Interwoven, also, are artistic sources of inspiration (such as Jean-Luc Godard’s Contempt, Théophile Gautier’s Spirite, or
Edgar Allan Poe’s “The Tell-Tale Heart” – which might be inventively/poetically
rendered as “Le cœur fantôme”), as well as details drawn from the lives of
friends and collaborators. It is rarely a matter of simple transposition and
repetition, but rather a careful reworking and expansion. Ideas may begin in
the personal realm and carry a sting of intimate truth but, thanks to their
creative treatment, go far beyond that, into history and society.

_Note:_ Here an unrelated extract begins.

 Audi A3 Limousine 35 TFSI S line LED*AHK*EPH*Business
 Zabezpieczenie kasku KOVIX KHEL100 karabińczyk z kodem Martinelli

Some of these recurring events are undeniably
spectacular, but mostly Garrel’s films relate typical, even mundane situations
of meeting and parting, work and love, birth and death. Moments shared in
bedrooms and toilets, family conversations at the kitchen table, walks in
streets, first looks and kisses, the embrace after a long anticipated
reconciliation, the close-ups on intertwined hands or on faces: these express
the greatest turmoil with the smallest gesture.
Such are the types of scenes, which he frequently
refers to as “universal”, that fill Garrel’s cinema. He cherishes these moments
and gives them an unusual emphasis, treating them with care, building and
rebuilding them in different variations from film to film. Taken as a whole,
Garrel’s body of work is as passionate ode to the lasting primacy and
significance of the private sphere in our daily lives.